Essay: Greetings to the Class of 2019
Waiting until May or June to consider commencement advice while reveling in the simple achievement of being old enough to be held accountable is not the best life plan.
The next nine months or so may feel like a burden. All is well. Just try to imagine what those tasked with encouraging students’ minds deals with each day! Behave. Little, if anything, in the lines that follow and in the academic year to come is new or not been said before.
Regardless of current GPA or current deficiency, the majority in class are average. Participate this year; the effort will prove rewarding.
The perceived nerd or vacuous beauty to the left or right of one’s seat may likely have higher lifetime earnings than the remainder of the class – but may likely blow it – or may not. In other words, avoid rash and prejudicial judgement. Jeff Bezos was considered an “eccentric misfit.” Stefani Germanotta was bullied.
Get to know those people whom now reside on the periphery.
Be kind. Avoid violence. Retract poorly considered words. Apologize. Feel sorrow and find resolve.
A generation goes. A generation comes,
yet the earth stands firm forever.
The sun rises, the sun sets;
then to its place it speeds and there it rises.
Ecclesiastes, Chapter 1
Read poetry, fiction, news and history. Avoid ignorance like the plague. Fertile minds grow like weeds.
Learn how to use a screw driver, pliers, tape measure, hammer, bubble level and a drill. Most of life comes unassembled.
Check the battery in the digital thermostat. Skills are the difference between making the rent and eviction.
Use search engines often – also known as books, magazines, newspapers and elders. Search for answers, ideas and precedents.

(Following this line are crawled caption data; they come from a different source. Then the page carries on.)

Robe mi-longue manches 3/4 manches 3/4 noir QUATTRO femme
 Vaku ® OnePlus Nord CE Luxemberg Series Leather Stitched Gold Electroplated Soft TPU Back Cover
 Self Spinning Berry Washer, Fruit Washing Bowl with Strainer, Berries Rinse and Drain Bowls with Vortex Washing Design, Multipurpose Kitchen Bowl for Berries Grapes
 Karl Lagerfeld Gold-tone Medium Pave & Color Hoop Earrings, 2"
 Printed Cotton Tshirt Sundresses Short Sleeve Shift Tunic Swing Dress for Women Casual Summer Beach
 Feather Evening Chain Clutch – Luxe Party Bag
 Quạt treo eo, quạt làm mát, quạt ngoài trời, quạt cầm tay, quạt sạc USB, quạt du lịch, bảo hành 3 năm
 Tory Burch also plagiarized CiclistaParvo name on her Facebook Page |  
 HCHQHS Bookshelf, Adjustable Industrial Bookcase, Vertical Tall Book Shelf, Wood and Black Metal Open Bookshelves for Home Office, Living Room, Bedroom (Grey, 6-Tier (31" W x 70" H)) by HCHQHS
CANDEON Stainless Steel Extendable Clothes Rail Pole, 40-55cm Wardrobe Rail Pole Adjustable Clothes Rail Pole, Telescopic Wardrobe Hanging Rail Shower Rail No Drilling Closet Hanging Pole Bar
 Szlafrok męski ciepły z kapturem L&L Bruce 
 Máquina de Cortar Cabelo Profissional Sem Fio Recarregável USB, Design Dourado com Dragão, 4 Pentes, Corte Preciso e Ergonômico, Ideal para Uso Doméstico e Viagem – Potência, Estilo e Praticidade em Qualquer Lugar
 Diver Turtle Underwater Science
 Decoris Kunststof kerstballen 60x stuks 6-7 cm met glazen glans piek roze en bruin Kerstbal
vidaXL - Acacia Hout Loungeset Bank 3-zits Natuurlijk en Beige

Participate with others. Vote. Take responsibility. Debate, but do not argue. Disagree, but do not insult. Take the high road and preserve the Republic. Create opportunity for those that will follow.
Open the door for a woman. Stand up when she leaves the table. Stand again when she returns. Pay for her dinner. Stand again to greet a passing friend. Buy dinner for those that raised you as soon as financially possible (even if it’s at the least expensive place in town).
Make a point of enjoying the life of a woman or a man, whichever you choose.
Think about what is said between one another at the end of the day. Thoughtful words preserve both love and employment.
Cook dinner… from scratch. Create something out of two ingredients plus spices.
Attend theatre. Leave the drama there but think about it before turning in for the night.
Pursue art and culture: these are gifts of God.
“If there be nothing new, but that which is
Hath been before, how are our brains beguil’d,
Which, labouring for invention, bear amiss
The second burden of a former child!”
William Shakespeare – Sonnet 59
Revel in sport and be active throughout life. Walk rather than ride.
Hold on to best friends. Cling spiritually to family while growing independent. Have children, or choose another path. Cherish the future. Ensure its fruition. Be a worthy aunt or uncle.
Plant a garden and nurture it. Share it. Be fulfilled.
The coming year will unfold at an unprecedented pace; each succeeding year will seem to turn faster. There may indeed be nothing new under the sun, but each life is poised for unlimited discovery, vast as the geometry of all the stars. Go and seek. Keep a simple parable in mind: if each day in the life of a centenarian amounts to little more than 36,500 pebbles, how many are to be overlooked.